Pero la revolución técnica que vivimos impone nuevos hábitos. Por de pronto las librerías se están sustituyendo por las páginas web de las grandes empresas vendedoras de libros, donde es posible hallar de todo perfectamente ordenado sin necesidad de trepar por los anaqueles de los establecimientos tradicionales. ¿Se mejora así lo antiguo? Depende. A mi entender, el librero antiguo, ese tipo de confianza, metido hasta las cachas en la lectura, fiable consejero y erudito, maniático de las ediciones, perseguidor de autores y novedades, ese sujeto es sencillamente irreemplazable y merece nuestro fervor y la organización de un homenaje nacional. Ahora bien, cuando la librería no es el producto del amor sino una sección más del gran almacén donde se acumulan los libros junto a las corbatas o los desodorantes, entonces la opción de la búsqueda y la compra a través del ordenador es preferible por más limpia y más segura.

¿Y qué me dice usted del libro electrónico? Pues que cada vez es más frecuente ver a los viajeros de un tren leyendo en este nuevo formato que permite ir de Madrid a Málaga con una gran biblioteca a cuestas sin necesidad de acudir a la casa de mudanzas. Yo me he hecho un entusiasta de mi chisme electrónico donde tengo acumulados -de momento- más de mil libros de la literatura clásica universal que voy descubriendo poco a poco. Hoy se me ocurre visitar a Baudelaire, mañana recuperar un par de capítulos del «Quijote» o del «Buscón», o encuentro con sorpresa páginas autobiográficas de Rubén Darío, o releo la correspondencia de Juan Valera, o páginas bien actuales sobre el Cádiz de la Constitución firmadas por Blanco White ... etcétera.

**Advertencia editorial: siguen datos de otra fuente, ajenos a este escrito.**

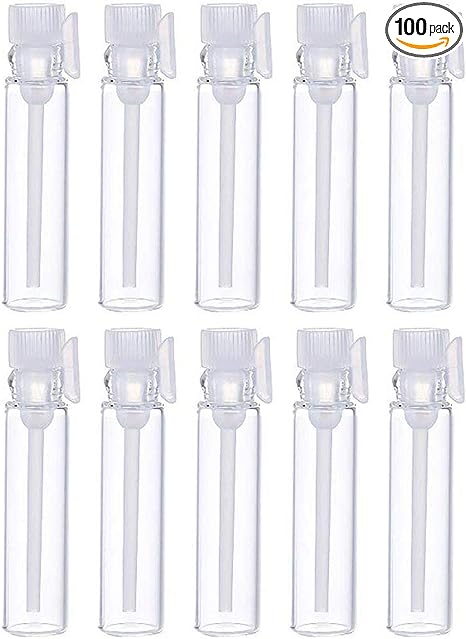 Teensery 100 Pcs Empty Perfume Sample Bottles Mini Glass Refillable Sample Vial Containers with Clear Cap for Aromatherapy, Essential Oil, Fragrance and Liquid (2ml)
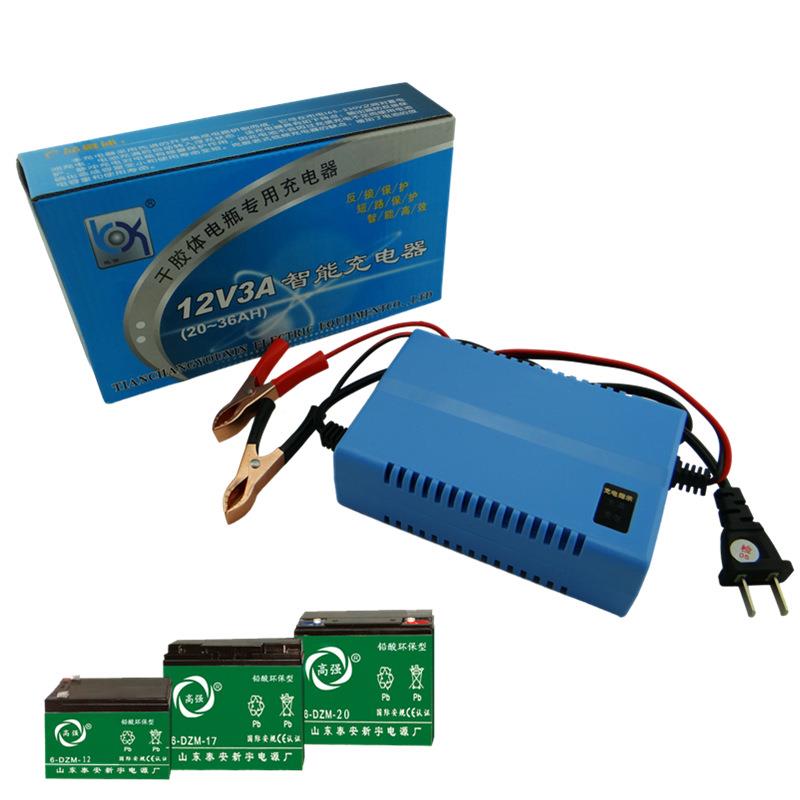 优信1V3A汽车摩托车电动车电12V3A红瓶单A只铅酸蓄电V池12充电器2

El libro electrónico es una hucha, la alcancía en la que es fácil revolver para encontrar los cuerpos leves y sutiles de tantas y tantas páginas que yacen olvidadas y a las que nos resulta difícil acudir para darles de nuevo la vida que le han robado nuestras propias bibliotecas que, por mucho que las amemos, tienen también maneras de difunto, de gran osario acumulador de recuerdos muertos.

Viajar con miles de libros metidos en un trasto que tiene el peso del ala de una mariposa es un sueño prodigioso, el delicioso licor de todo borracho de lecturas. Por eso el libro electrónico tiene algo de la caracola que nos trae el rumor que forma el canto inextinguible de la prosa y del verso.